I hope these notes will help you tackle this group of proverbs in Latin Via Proverbs. This group includes third conjugation verbs with fourth conjugation nouns.
Please note: to read the proverbs in Latin, you need to acquire a copy of the book from lulu.com! What I am providing here in the blog are notes to help people who are making their way through the book either in a Latin class or on their own. You can find more help at the LatinViaProverbs.com wiki website.
1899. The thunder precedes the storm. (Metaphorically speaking, it means that threats come first, but they will be followed by blows!)
1900. The habit does not make the monk. (Compare the similar saying, Barba non facit philosophum, "The beard does not make the philosopher.")
1901. The final exit shows where the glory of the world is headed. (I like this rhyming medieval proverb very much. It is part of that large group of Latin proverbs on the theme of sic transit gloria mundi.)
1902. The success of wicked men is alluring to many. (This is the moral for the Aesop's fable about Aesop and the man bitten by the dog.) Successus improborum plures allicit.
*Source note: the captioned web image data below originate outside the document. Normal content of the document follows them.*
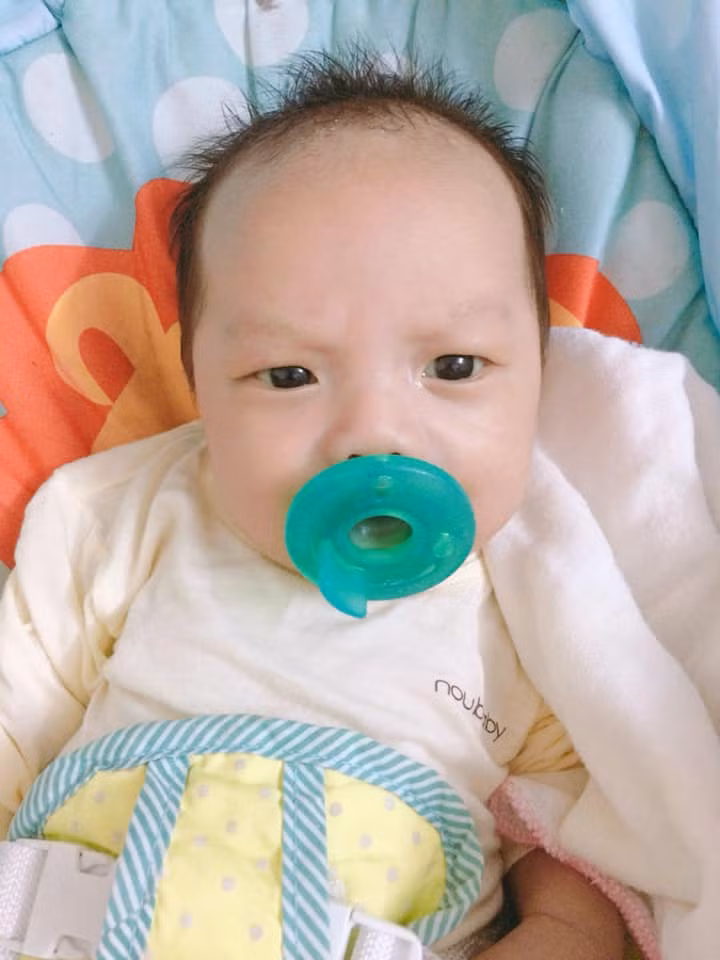 Cậu bé nhăn trán ngay cả khi ngậm ti giả...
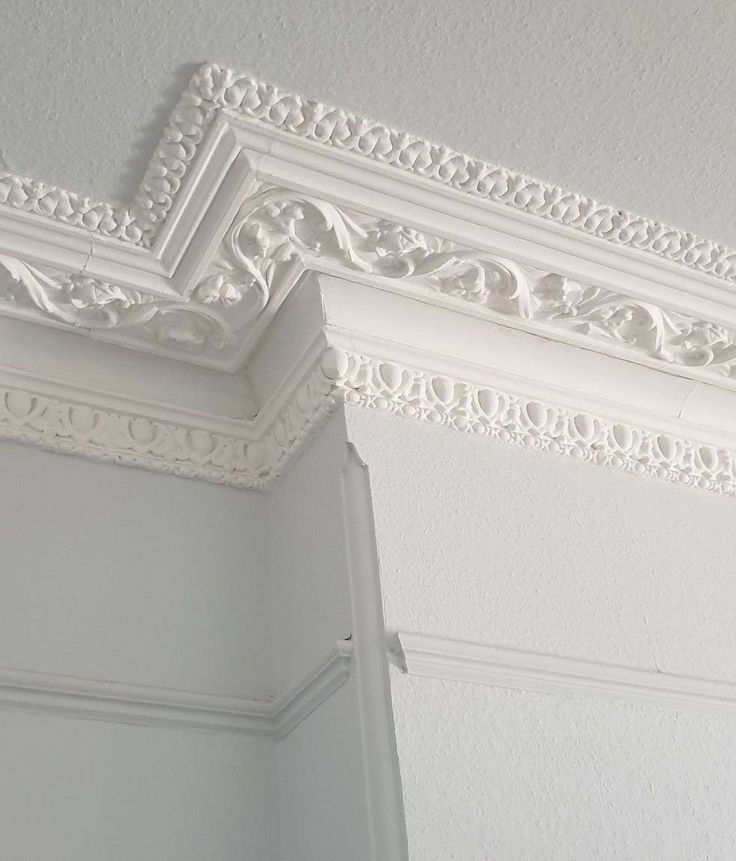 an ornate white crown molding on the ceiling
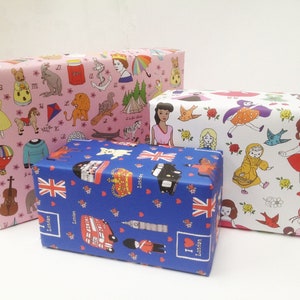 May include: Three gift boxes wrapped in colorful patterned paper. The top box is white with a floral pattern and features small illustrations of dolls and birds. The middle box is blue with a pattern of red hearts, British flags, and London landmarks. The bottom box is pink with a pattern of animals, toys, and other whimsical illustrations.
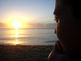 mulher observando o pôr do sol sobre o mar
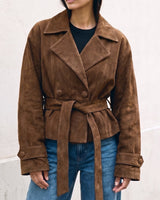 Model wearing the dark brown Margot Tie-waist Coat belted at the waist over a black top and blue jeans, front view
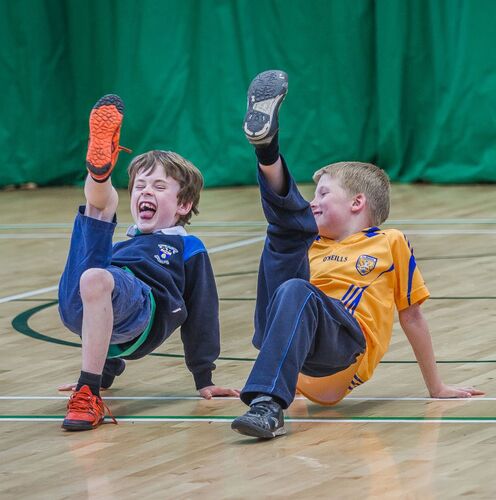 Two young boys in movement, laughing, with one leg in the air each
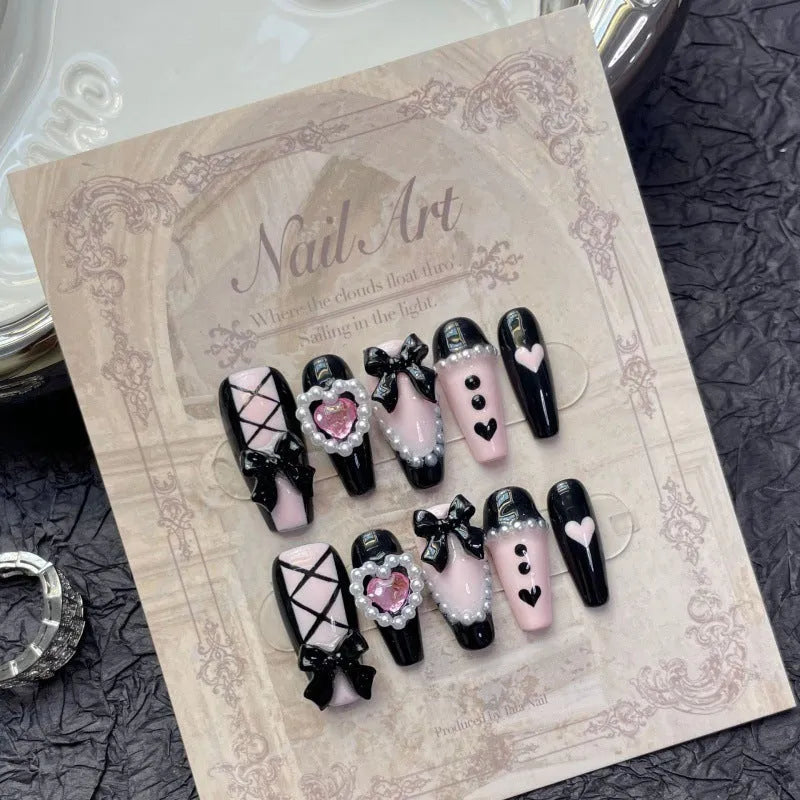 Hand-painted black pink heart design plastic nail armour set in four sizes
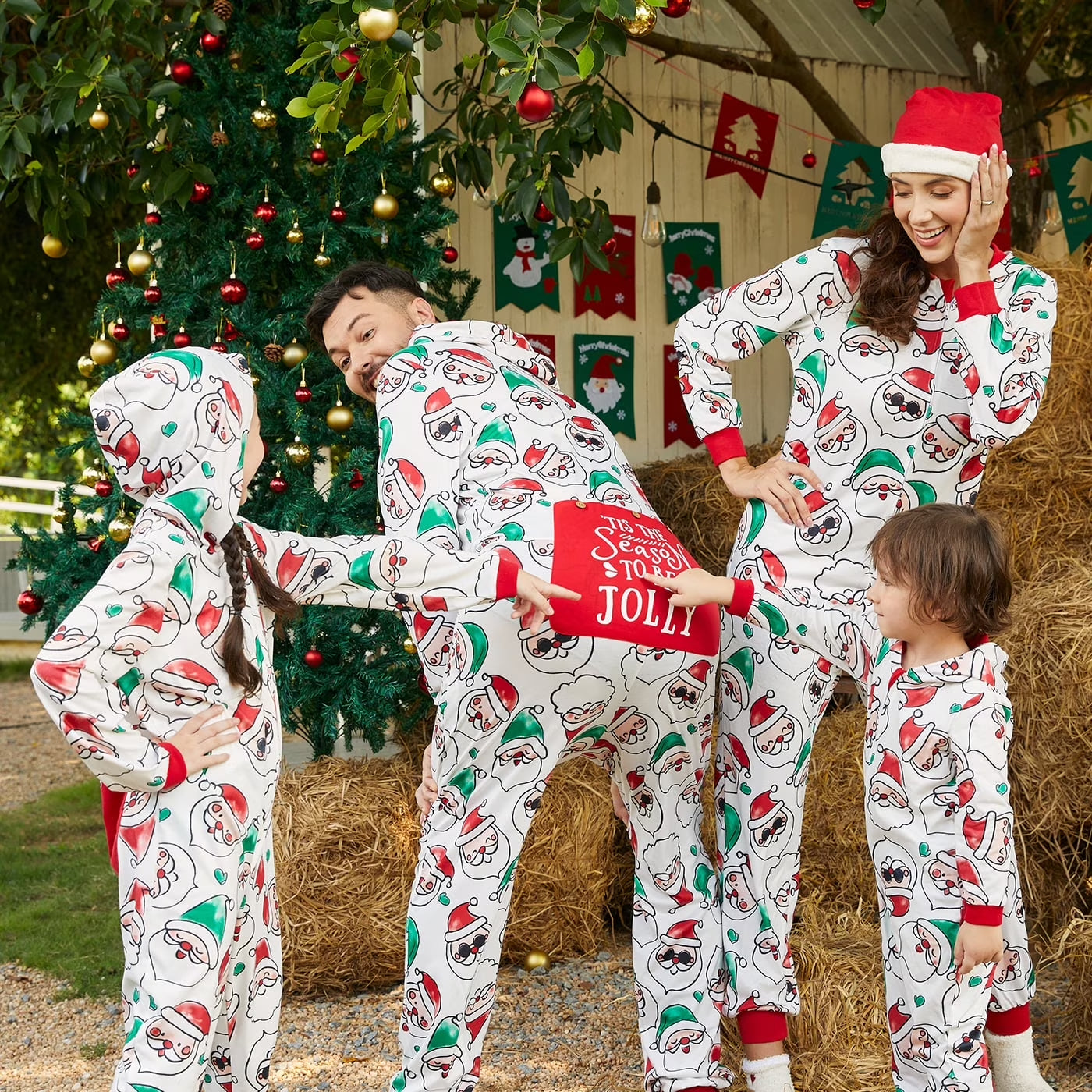 Family in matching Christmas-themed pajamas outdoors with holiday decorations.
1903. If the hand is empty, it does not catch the hawk. (This is a medieval saying from the discipline of keeping hawks for hunting. There is an English equivalent: "Empty hands no hawks allure.")
1904. Too much familiarity breeds contempt. (You can see this saying illustrated in the Aesop's fable about the lion and the fox.)
1905. Too much tension breaks the bow. (Compare the Aesop's fable about Aesop and the bow.) Arcum nimia frangit intensio.
1906. Apollo does not always keep his bow stretched. (You will find this saying in Horace.)
1907. The ox pulls the cart, not the cart the ox. (In other words, don't put your cart before the horse!)
1908. Abuse does not do away with use. (This is an item of Latin legal vocabulary, meaning that an argument against the abuse of something is not an argument against the thing used rightly.)
1909. One bite leads to another. (Lay's potato chips could adopt this as their motto: you never can eat just one!)
1910. One hand washes another. (You can find many variations on this saying, including this one that explains what this might mean metaphorically: Abluit manus manum: da aliquid et accipe, "one hand washes another: give something, and receive.")
This blog post is part of an evolving online guide for users of the book Latin Via Proverbs.